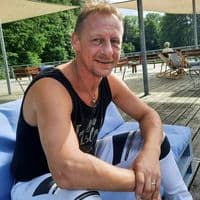 TikTok Account - sylvio6922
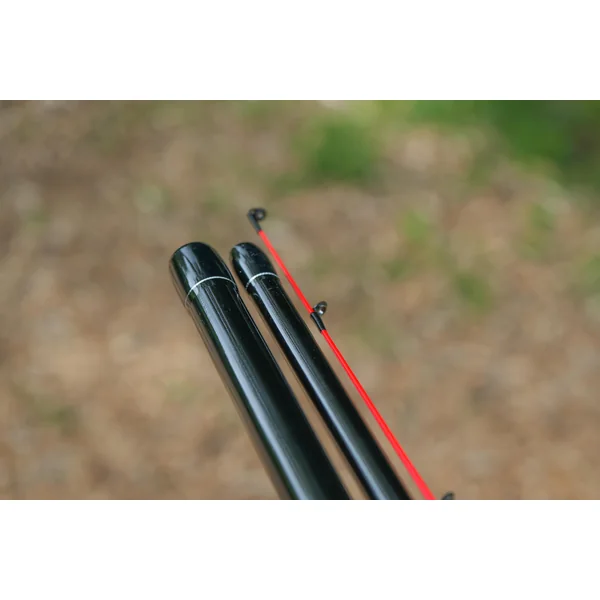 Ultimate Method Feeder 3.00m (-50g) - Imagen 2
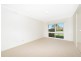 5/41 McLochlan Street, Mount Waverley VIC 3149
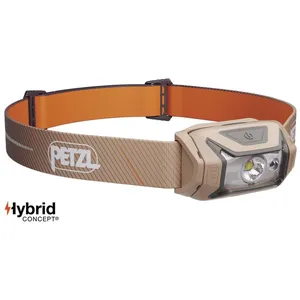 Petzl Tikka Scheinwerfer 450 Lumina günstig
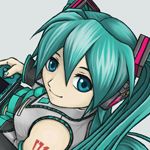 ari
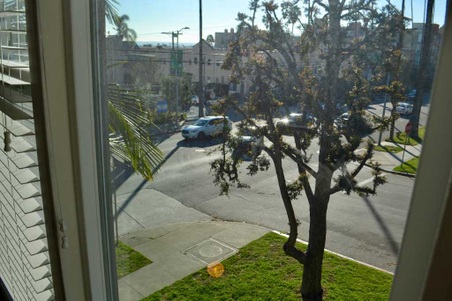 Enlarge photo 31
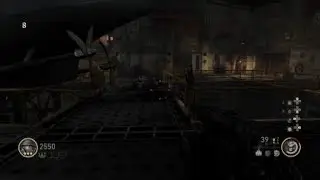 Call of Duty&reg;: WWII - What a clever Meuchler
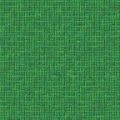 SALIN 2023 24 : Vert 24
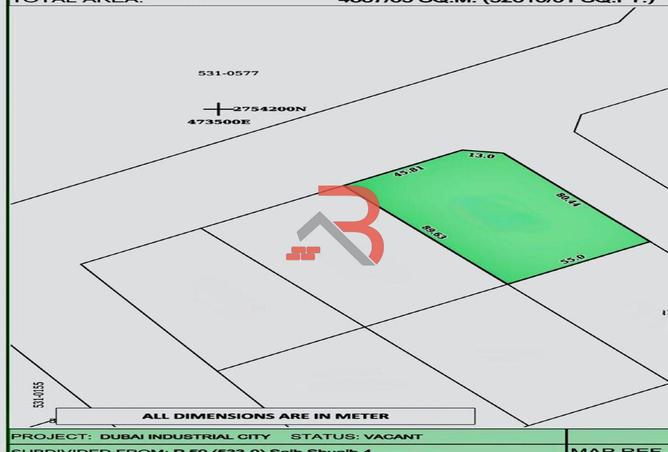 15518893 - صورة العقار 3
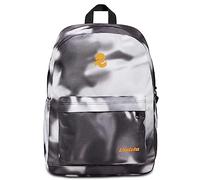 INVICTA ZAINO CARLSON PLAIN FANTASY BACKPACK GRS SCUOLA E TEMPO LIBERO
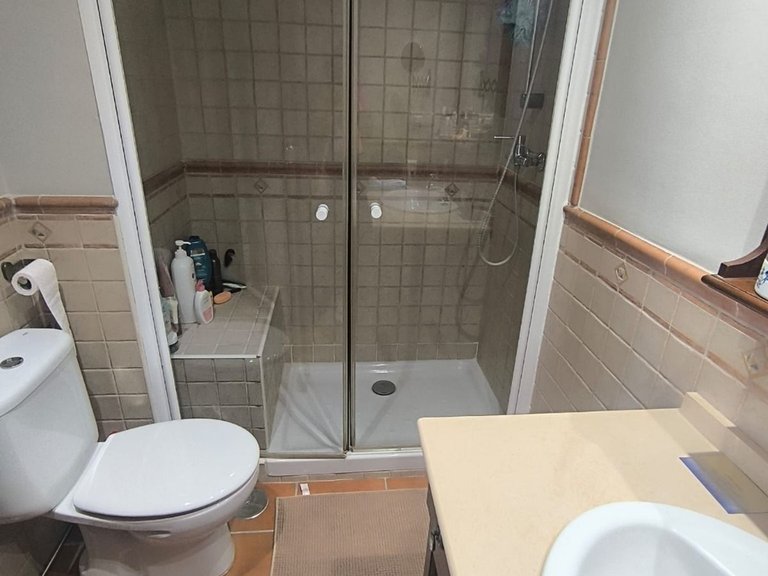 Apartment for Sale in Fuengirola, Malaga 24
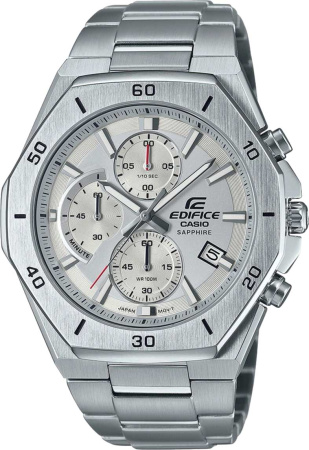 Часы наручные Casio EFB-680D-7AVUEF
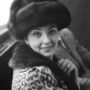 Anna Moffo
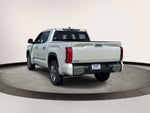 2026 Toyota Tundra 4WD 1794 Edition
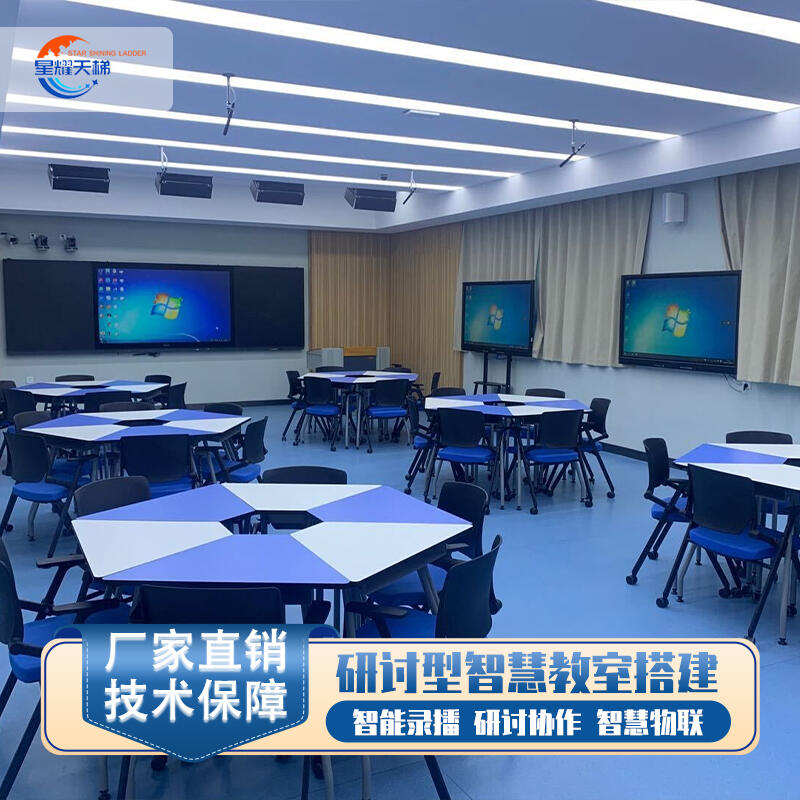 ӑǻ䛲O䛲ҴԄnϵyǻ۽O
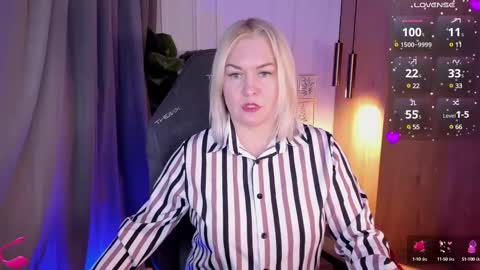 Yolanda online show from February 22, 2025, 4:40 am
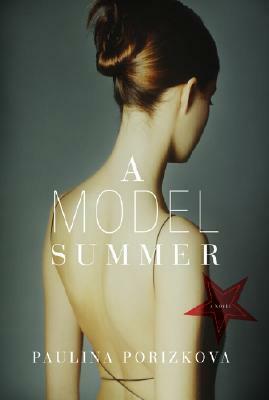 A Model Summer by Paulina Porizkova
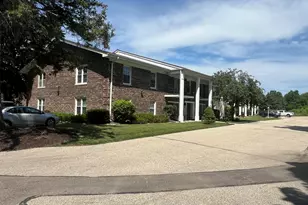 114 Hank Jay Dr, Lake Geneva, WI 53147 - Photo 40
★ ★ ★ ★
The expected output is an exact copy of the lines from the one holding "5/41 McLochlan Street, Mount" through the last line of the listing above, with the pictures omitted.

 5/41 McLochlan Street, Mount Waverley VIC 3149
 Petzl Tikka Scheinwerfer 450 Lumina günstig
 ari
 Enlarge photo 31
 Call of Duty&reg;: WWII - What a clever Meuchler
 SALIN 2023 24 : Vert 24
 15518893 - صورة العقار 3
 INVICTA ZAINO CARLSON PLAIN FANTASY BACKPACK GRS SCUOLA E TEMPO LIBERO
 Apartment for Sale in Fuengirola, Malaga 24
 Часы наручные Casio EFB-680D-7AVUEF
 Anna Moffo
 2026 Toyota Tundra 4WD 1794 Edition
 ӑǻ䛲O䛲ҴԄnϵyǻ۽O
 Yolanda online show from February 22, 2025, 4:40 am
 A Model Summer by Paulina Porizkova
 114 Hank Jay Dr, Lake Geneva, WI 53147 - Photo 40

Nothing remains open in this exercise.